Justice : Une situation calamiteuse30/03/20112011Journal/medias/journalnumero/images/2011/04/une-2226.gif.445x577_q85_box-0%2C9%2C172%2C231_crop_detail.png

Leur société

Justice : Une situation calamiteuse

Les magistrats et les fonctionnaires de justice ont manifesté le 29 mars un peu partout en France, contre la situation catastrophique des tribunaux et pour réclamer un plan d'urgence.

À Paris, l'Observatoire justice, qui regroupe les syndicats et des non-syndiqués parmi les magistrats et les fonctionnaires, vient de publier un Livre blanc sur le fonctionnement du tribunal de grande instance (TGI).

Le manque de moyens matériels est flagrant : locaux vieillots ou même insalubres, photocopieuses en panne, ordinateurs obsolètes ou micros hors service, entraînant parfois le report d'un procès. Mais c'est surtout le manque d'effectifs qui rend la situation insupportable pour le personnel, et encore plus pour les justiciables. Et cela touche particulièrement les personnes les plus modestes. En procès pour se faire reconnaître un droit, une pension, une garde d'enfant ou pour toute autre raison, elles risquent d'attendre bien longtemps qu'on leur rende justice.

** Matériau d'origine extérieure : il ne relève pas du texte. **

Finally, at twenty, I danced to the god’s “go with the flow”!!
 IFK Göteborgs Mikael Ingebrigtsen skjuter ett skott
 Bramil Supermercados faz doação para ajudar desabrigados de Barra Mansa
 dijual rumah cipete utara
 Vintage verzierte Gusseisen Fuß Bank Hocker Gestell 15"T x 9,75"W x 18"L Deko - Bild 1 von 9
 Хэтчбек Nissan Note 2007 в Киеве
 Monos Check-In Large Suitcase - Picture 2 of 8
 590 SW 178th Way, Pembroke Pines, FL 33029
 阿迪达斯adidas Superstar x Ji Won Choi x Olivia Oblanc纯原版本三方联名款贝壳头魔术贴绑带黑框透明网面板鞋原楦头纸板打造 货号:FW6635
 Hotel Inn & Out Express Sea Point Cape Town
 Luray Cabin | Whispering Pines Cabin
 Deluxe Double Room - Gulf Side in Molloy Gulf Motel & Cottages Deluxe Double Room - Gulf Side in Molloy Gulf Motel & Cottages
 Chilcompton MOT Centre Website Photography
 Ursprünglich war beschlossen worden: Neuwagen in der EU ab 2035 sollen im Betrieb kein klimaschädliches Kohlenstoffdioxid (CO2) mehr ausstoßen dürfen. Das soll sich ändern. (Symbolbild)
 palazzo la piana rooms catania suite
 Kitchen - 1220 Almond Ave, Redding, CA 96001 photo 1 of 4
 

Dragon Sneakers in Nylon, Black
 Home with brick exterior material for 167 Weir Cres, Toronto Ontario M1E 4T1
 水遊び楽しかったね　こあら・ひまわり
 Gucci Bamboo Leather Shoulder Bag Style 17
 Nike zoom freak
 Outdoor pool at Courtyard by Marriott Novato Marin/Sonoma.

Les services fonctionnent à coups d'heures supplémentaires : 20 000 heures en 2009 à Paris, plus de 15 000 en 2010. Il manque 20 % de postes de fonctionnaires et les greffes sont surchargés, travaillant six voire sept jours sur sept et terminant les audiences le samedi dans la nuit. Les juges d'application des peines sont paraît-il au complet, mais chacun devrait suivre plus de mille personnes en milieu ouvert.

La situation est identique ailleurs. En Alsace, 10 % des postes dans les greffes ne sont pas pourvus. À Bordeaux, le regroupement de plusieurs juridictions a entraîné la disparition de onze postes. Partout, les seules « embauches » sont celles de vacataires pour trois mois non renouvelables.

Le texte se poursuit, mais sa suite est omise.